Member Group : PA Manufacturers' Assn.

Criminals Disguised As Protestors Pay Under Scott Martin Legislation

Senator Scott Martin (R-Lancaster) has cleverly taken a well-established principle in the retail business and applied it to protestors who corrupt the right to free speech: you break it, you bought it.

The Commonwealth Cost Reimbursement Act Legislation (SB 743), which Martin introduced with five other Senate Republicans, including Senate President Pro Tempore Joe Scarnati (R-Jefferson), would allow the local police or a local or state government to petition the courts to require protestors to cover the damages, including the costs of arrests, they leave behind.

Sen. Martin is trying to prevent unwarranted escalation in his own backyard over construction of natural gas pipeline as part of the Atlantic Sunrise project, or any protests in any part of the state, from degenerating into the Dakota Access pipeline protests or the tragedy in Charlottesville.

“Some have gotten the sense that the right to free speech means the right to destroy property or become violent,” Sen. Martin said. “This legislation is intended to shine a spotlight on the activity that blurs that line between our First Amendment rights and criminal activity.”
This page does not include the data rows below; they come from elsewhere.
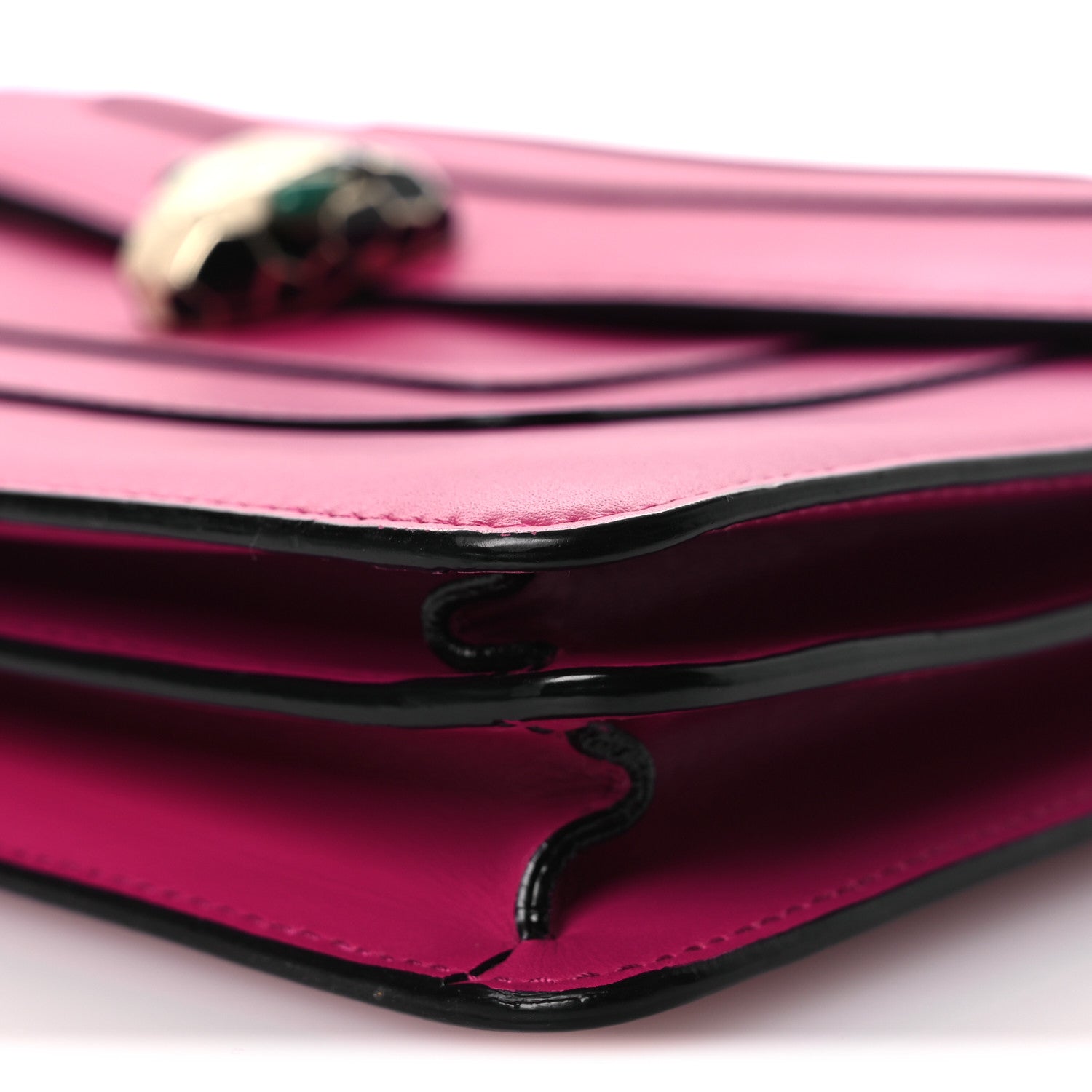 Bulgari Calfskin Serpenti Forever Shoulder Bag Pink 10 of 10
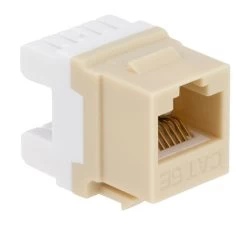CAT5E Keystone Jack, Snap-In, 180-Degree Termination, Thermoplastic , Ivory, 15-Pack, CE Compliant 8 CAT5E Keystone Jack, Snap-In, 180-Degree Termination, Thermoplastic , Ivory, 15-Pack, CE Compliant -Server Cabinet Accessories 00407013 3 64180.1655911764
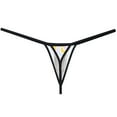 thumbnail image 3 of Botmois Men's Thongs Low-rise Soft Mini Tangas Contrast Color Bikini Briefs Ultrathin G-String Comfortable T-Back Underwear Orange Wave X, 3 of 3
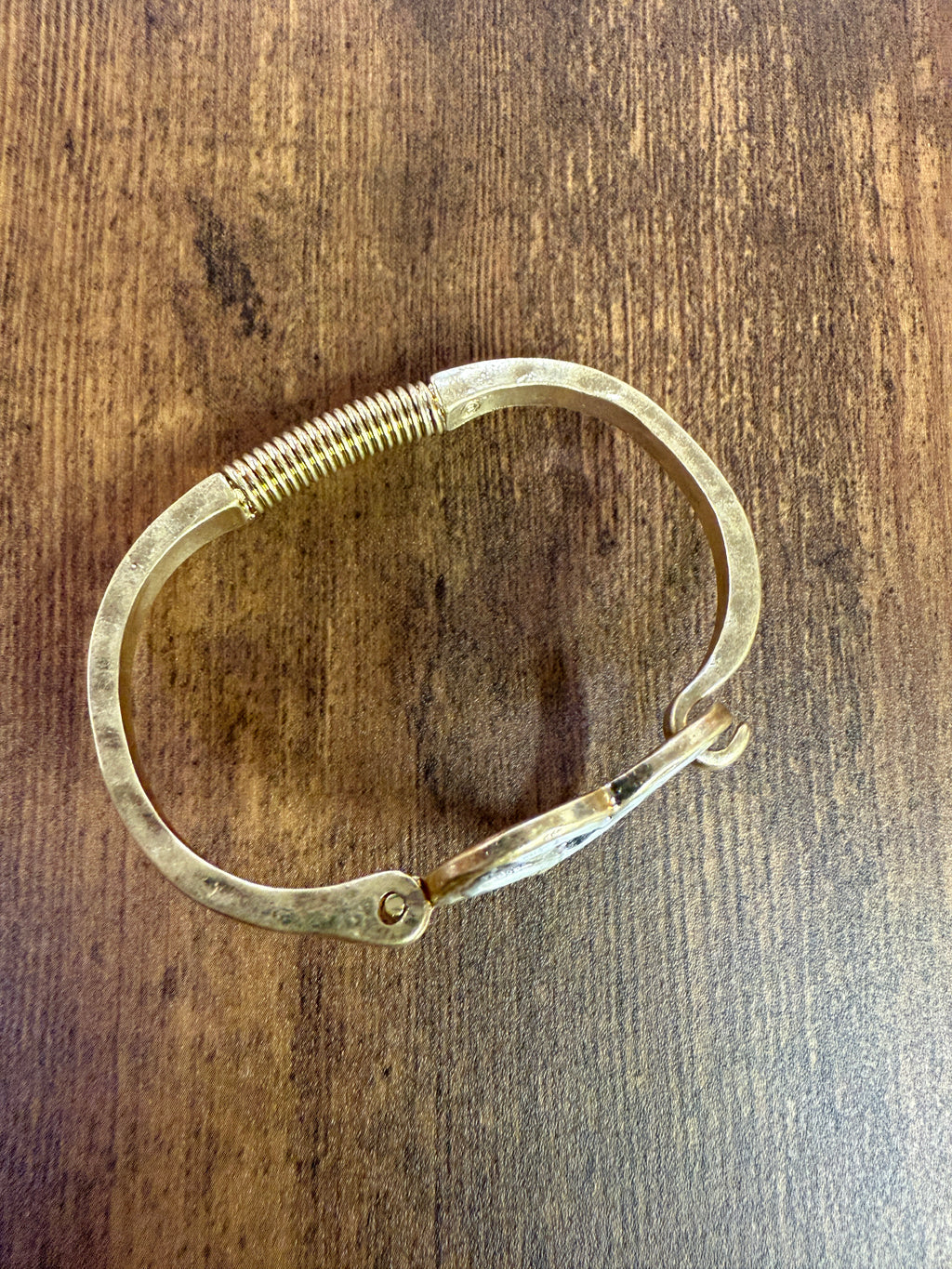 Mixed Metal Heart Cuff Bracelet -Silver/Gold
He added that: “Of the 700 arrests during the Dakota protest nearly all of them were from out of state. They left behind $38 million in damage to property, including pollution. In the end in these cases, it’s the taxpayers who become the ultimate victims.”

“As Abraham Lincoln said, there is no grievance fit for redress by mob law,” said PMA President David N. Taylor. “The anti-pipeline anarchist saboteurs who trashed North Dakota are headed for Lancaster County, so we must prepare for the worst. Senator Martin’s bill is vital for protecting public safety and critical infrastructure, upholding the rule of law, and allowing projects already vetted by the public to move forward,” Taylor said. “If radical green militants cause trouble for first responders and law enforcement, local taxpayers should not get stuck paying the tab.”

Sen. Martin says it’s also important to note what the bill doesn’t do. It doesn’t erode free speech rights as has been charged in some opinion pages, and it’s not a gimmick so local police can load up on overtime. “You’re not going to have police piling on hours while they monitor a peaceful protest,” Sen. Martin said. “The bill would only come into play when there’s a conviction.”

As for publicly vetted projects, Atlantic Sunrise has been cleared by the Pennsylvania Department of Environmental Protection (DEP), receiving two permits from DEP just last week. The Army Corps of Engineers gave its final go ahead last week, and Williams, the company financing and building the project, expects to receive a final go head from the Federal Energy Regulatory Commission this week.

Chris Stockton, a spokesman for Williams, said construction activity should begin by the end of September on seven separate spreads (construction sites) from the pipeline in Lancaster to work on compressor stations in Wyoming and Columbia Counties. Gas should start flowing by the middle of next year, Stockton said.

The project will link approximately 200 miles of new line in northeast Pennsylvania to the decades-old Transco line that runs from the gulf coast of Texas to New York City. In addition, existing Transco facilities will be modified to allow gas to flow in two directions. Pennsylvania produces more natural gas than all of Canada, but lacks the necessary infrastructure to get this precious commodity to market.

Approval of this project will be another step toward unlocking the potential for historic economic growth in Pennsylvania. The down-the-line impact of the project will be the creation of high paying, sustainable jobs. A Penn State study predicts that Atlantic Sunrise will directly and indirectly support approximately 8,000 jobs in the 10 Pennsylvania counties during the project’s construction phase, resulting in an estimated $1.6 billion economic impact in the project area. Countless additional jobs will be created as businesses, especially manufacturers, expand their operations through access to this new, competitively priced natural gas supply.
Anyone masquerading as a protestor who tries to unlawfully prevent that economic growth would be held accountable under Sen. Martin’s legislation.